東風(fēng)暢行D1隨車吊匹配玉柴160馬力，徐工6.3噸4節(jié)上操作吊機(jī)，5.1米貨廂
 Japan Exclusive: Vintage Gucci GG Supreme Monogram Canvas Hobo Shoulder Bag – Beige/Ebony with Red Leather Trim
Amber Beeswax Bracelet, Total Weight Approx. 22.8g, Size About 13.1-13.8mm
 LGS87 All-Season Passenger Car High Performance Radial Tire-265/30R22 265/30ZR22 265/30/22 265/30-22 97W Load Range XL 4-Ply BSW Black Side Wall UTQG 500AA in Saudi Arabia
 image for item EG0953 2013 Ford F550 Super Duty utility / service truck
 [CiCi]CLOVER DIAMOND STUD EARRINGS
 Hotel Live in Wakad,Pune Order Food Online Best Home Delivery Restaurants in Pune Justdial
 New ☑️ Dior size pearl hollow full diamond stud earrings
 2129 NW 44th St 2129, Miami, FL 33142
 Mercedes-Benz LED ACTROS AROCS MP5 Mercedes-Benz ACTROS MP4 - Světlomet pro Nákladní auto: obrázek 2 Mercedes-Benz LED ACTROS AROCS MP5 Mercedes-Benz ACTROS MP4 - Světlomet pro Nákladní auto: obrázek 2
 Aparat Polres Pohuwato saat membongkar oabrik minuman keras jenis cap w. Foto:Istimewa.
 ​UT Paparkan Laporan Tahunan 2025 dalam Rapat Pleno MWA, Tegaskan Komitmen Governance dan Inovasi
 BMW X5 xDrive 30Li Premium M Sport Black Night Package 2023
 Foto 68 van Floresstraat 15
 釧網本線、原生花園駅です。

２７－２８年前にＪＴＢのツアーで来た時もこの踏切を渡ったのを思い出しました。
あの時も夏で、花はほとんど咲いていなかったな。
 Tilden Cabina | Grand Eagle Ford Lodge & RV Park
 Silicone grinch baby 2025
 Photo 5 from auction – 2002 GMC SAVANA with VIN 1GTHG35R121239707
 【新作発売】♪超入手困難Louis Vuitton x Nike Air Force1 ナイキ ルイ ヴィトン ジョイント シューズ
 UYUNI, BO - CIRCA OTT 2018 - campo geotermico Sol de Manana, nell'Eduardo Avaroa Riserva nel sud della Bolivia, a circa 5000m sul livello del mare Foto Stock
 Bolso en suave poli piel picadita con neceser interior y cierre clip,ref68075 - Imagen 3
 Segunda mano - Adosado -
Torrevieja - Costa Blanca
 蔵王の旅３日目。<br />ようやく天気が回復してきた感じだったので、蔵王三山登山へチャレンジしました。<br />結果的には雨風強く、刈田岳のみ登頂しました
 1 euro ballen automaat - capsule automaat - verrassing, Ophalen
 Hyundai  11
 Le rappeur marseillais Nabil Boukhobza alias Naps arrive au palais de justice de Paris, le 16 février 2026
....
▶ **Task statement**
Please work out how many lines of the listing hold the word "Foto" and reply with only that number.

▶ **Solution to this task**
3